I enjoy dissecting issues and writing challenged me to acquire some knowledge on an issue, consider both sides (or several sides) of an argument, and present a coherent essay on the subject. I tried to tackle the tough issues and in doing so I learned a lot about myself and what I was willing to share publicly.
Writing this column has been a wonderful experience, which has allowed me to grow both personally and professionally. I appreciated all the feedback, positive and negative, and my only hope was that on occasion my views offered some reader reflection and consideration.
I do have a couple of endeavors yet to consider. I want to write a book. I have been taking notes for over a decade but have never consistently committed the time it takes. The book will examine how — through “arrogance, ignorance and indifference” — we have become disconnected from the foundation of society. It will offer in-depth philosophical ideas intertwined with autobiographical experiences. I was making notes about societal fabrication and detachment long before “fake news” became a catchphrase.
I would like to run for political office one day, to put into practice that which I am so passionate about. To test my political philosophies, perhaps.

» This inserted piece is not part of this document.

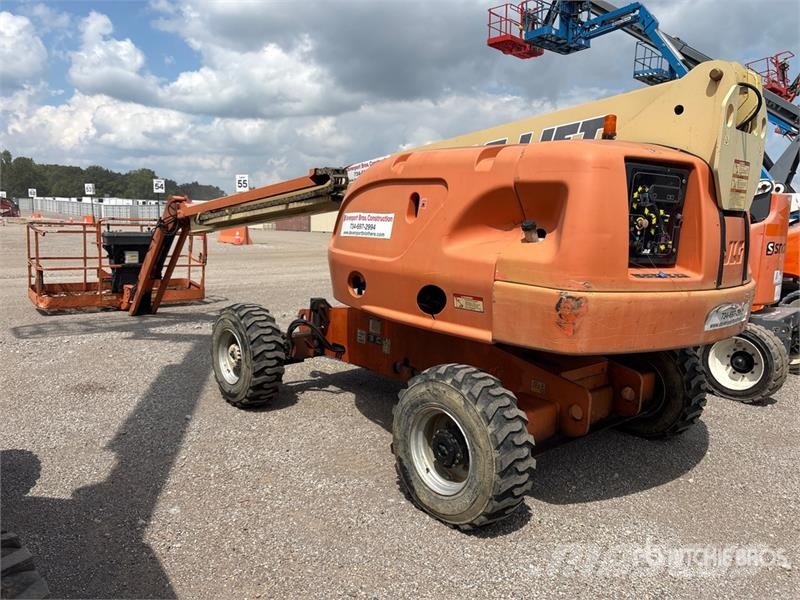 JLG 460SJ 4WD Diesel Articulating Boom Lift Knikarmhoogwerkers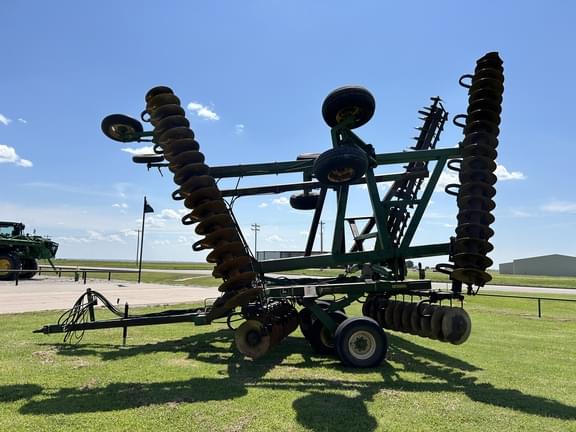 Image of John Deere 637 equipment image 1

But I also turned 50 this year and I am acutely aware that there are no certainties in life. There is no longer the feeling of infinite summers, holidays, and time with my family. There is an anxiousness and awareness about time, and a bucket list that needs an increasing amount of attention.
I am motivated by Sir Francis Bacon Sr., who wrote, “Begin doing what you want to do now. We are not living in eternity. We have only this moment, sparkling like a star in our hand and melting like a snowflake.”
In 15 years, it is interesting to know that, as a freelancer writer and due to technology, I never once walked into the newspaper’s office. However, I am grateful to Kathleen Willbond, who invited me to start writing my column, and editor Jason Hawk for his opinions and guidance. I am also grateful for the publishers along the way who printed my columns, even if they were controversial or unpopular at times.
Finally, I want to thank my friends and colleagues who often read and commented on my drafts, and my wonderful wife who not only proofread most of my columns but also provided honest feedback.